(INFORMATION GIVEN)

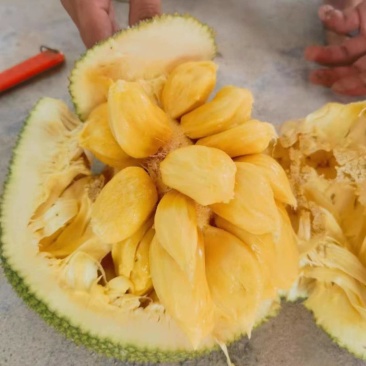 珍珠榴莲蜜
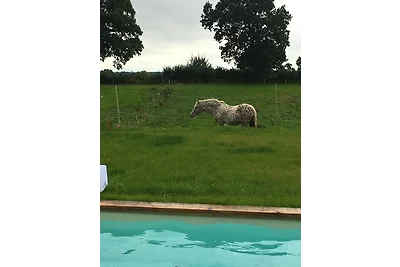 Hoheluft am Wittensee Apt. 3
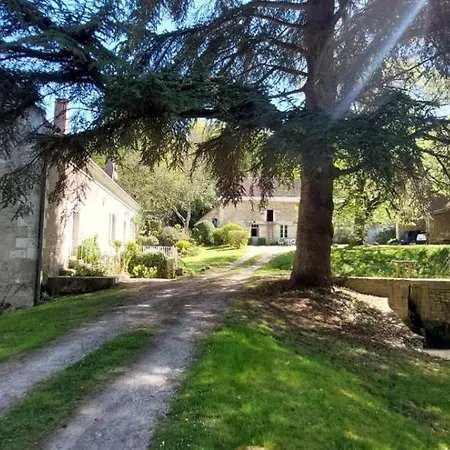 Bed and Breakfast Le Moulin Du Mesnil Saint-Georges-sur-Cher Esterno foto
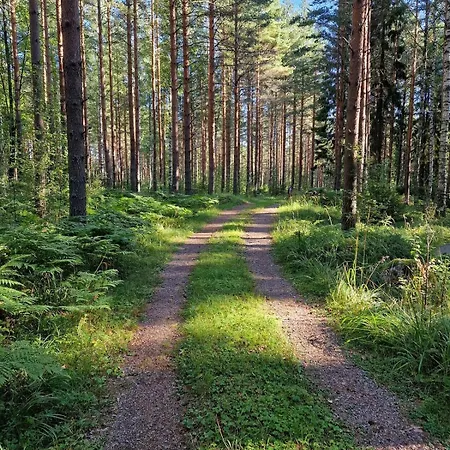 Getaway In The Wilderness Prázdninový dům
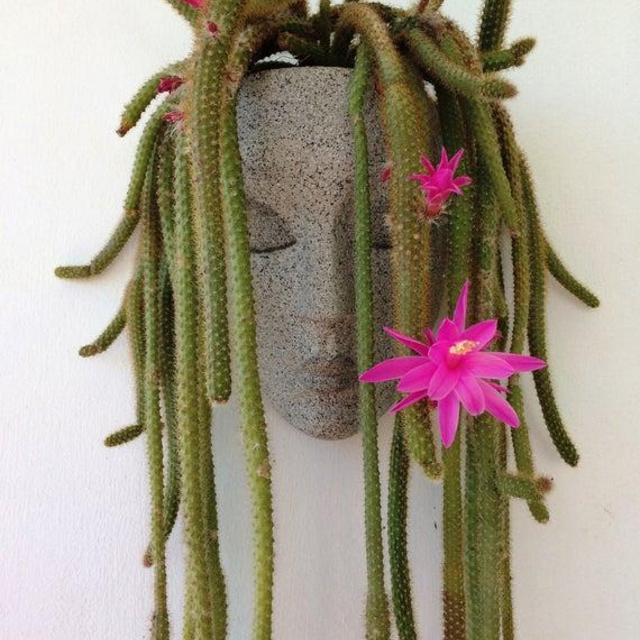 Wall Face Planter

(End INFORMATION GIVEN)

▶ [TASK PROMPT]: What should appear is an exact copy of the lines from the one containing "Bed and Breakfast" through the last line of the records above, pictures excluded.

▶ [YOUR RESPONSE]:
 Bed and Breakfast Le Moulin Du Mesnil Saint-Georges-sur-Cher Esterno foto
 Getaway In The Wilderness Prázdninový dům
 Wall Face Planter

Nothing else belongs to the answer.